Als er die wunderschöne, tüchtige Erdfrau sieht, denkt er an seinen
armen kleinen Sohn und fragt sie: »Ich bin der Zar und brauche eine
Frau im Haus. Willst du meine Frau werden?« Das Interessante an
dieser Begegnung ist die Motivation: Der Zar denkt sich nämlich,
die Frau wäre doch passend als Mutter für meinen kleinen Sohn und
für den Haushalt. Das heißt, er ist nicht an ihrem Wesen
interessiert. Er stellt nicht die Frage »Wer bist du?«, sondern
»Wie kannst du mir nützlich sein?«. Deshalb ist es kein Wunder,
dass diese einfache Frau am Zarenhof auf einmal böse wird. Sie wird
neidisch und gierig, will alles ihrem eigenen Töchterchen geben und
den Sohn des Zaren verderben.
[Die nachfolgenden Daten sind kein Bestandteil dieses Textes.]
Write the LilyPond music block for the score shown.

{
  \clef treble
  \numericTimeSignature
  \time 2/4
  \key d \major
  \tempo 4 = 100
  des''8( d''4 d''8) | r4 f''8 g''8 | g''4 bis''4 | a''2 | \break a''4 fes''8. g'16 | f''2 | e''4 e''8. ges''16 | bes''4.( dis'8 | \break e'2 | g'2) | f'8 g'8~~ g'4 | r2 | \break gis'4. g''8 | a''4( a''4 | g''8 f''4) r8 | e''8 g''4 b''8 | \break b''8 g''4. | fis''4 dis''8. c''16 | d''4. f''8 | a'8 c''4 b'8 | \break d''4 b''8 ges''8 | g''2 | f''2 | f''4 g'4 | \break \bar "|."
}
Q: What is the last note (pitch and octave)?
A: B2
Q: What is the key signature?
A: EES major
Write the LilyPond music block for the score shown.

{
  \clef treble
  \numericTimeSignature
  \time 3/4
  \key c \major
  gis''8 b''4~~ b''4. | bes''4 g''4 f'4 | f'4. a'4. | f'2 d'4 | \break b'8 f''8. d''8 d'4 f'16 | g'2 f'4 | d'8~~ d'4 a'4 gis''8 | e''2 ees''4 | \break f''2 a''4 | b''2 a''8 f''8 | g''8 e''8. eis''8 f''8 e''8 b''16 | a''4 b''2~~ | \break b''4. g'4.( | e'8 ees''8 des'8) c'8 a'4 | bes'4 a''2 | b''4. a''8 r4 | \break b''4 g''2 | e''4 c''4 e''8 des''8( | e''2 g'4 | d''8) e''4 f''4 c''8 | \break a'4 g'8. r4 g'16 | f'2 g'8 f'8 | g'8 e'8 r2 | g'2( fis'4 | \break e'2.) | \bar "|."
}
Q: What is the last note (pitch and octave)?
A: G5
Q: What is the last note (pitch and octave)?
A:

Sie schafft es tatsächlich, durch
eine Intrige den Zaren gegen seinen Sohn einzunehmen. Der Sohn wird
verstoßen und muss als Bettler durch die Lande ziehen. Auf seiner
einsamen Wanderung kommt er an einer Berghöhle vorbei, wo er
jemanden laut weinen und klagen hört. Er geht hinein und sieht
einen alten Eremiten, der krank und durstig ist, also sucht er eine
Quelle und bringt ihm Wasser in der hohlen Hand. Der Eremit freut
sich und sagt: »Ich brauche dein Wasser gar nicht, ich war nur
deshalb traurig, weil es auf der Welt so viel Bosheit und Elend
gibt. Aber du zeigst mir, dass es noch mitfühlende Menschen gibt.
Was kann ich für dich tun?« Der Zarensohn erzählt von seinem
Kummer, und der Eremit schenkt ihm eine Zauberflöte. Wenn er sie
spielt, fängt sein Herz an zu tanzen und alles Lebendige um ihn
herum ebenfalls. Mit Hilfe dieser Flöte besiegt er am Ende auch den
Drachen, der das Zarenreich bedroht. Alle seine Pfeile, seine
Speere, seine aggressiven Waffen versagen, aber als er die Flöte
spielt, fängt der riesige Drache an zu zittern und zu schrumpfen,
bis er nur noch eine kleine Luftblase ist. Der Königssohn zertritt
sie, und der Spuk ist vorbei.
Das ist für mich eines
der schönsten Beispiele, wie man mit negativen Energien umgehen
kann: Wenn einem jemand wie dieser Drache begegnet und es auf einen
abgesehen hat, wäre der normale Impuls: »Das kriegst du zurück, dir
zeig ich’s.« Wenn man dann seine Pfeile und Speere auf den Drachen
abschießt, wird er lachen und immer mächtiger werden, denn wenn
Gift mit Gift erwidert wird, nimmt es zu, und die Negativität, die
Feindseligkeit wird immer größer. Hier wird gezeigt, dass man
solche Probleme lösen kann, indem man aus dem System aussteigt,
indem man dem Drachen mit der Flöte begegnet. Wer von Menschen
umgeben ist, von denen er sich malträtiert fühlt, die giftig zu ihm
sind, kann ihnen mit der Haltung dieses Helden entgegentreten. Wenn
man in solchen Momenten die Flöte spielt, verpuffen die schlechten
Energien, aber eine solche Haltung muss von innen heraus kommen.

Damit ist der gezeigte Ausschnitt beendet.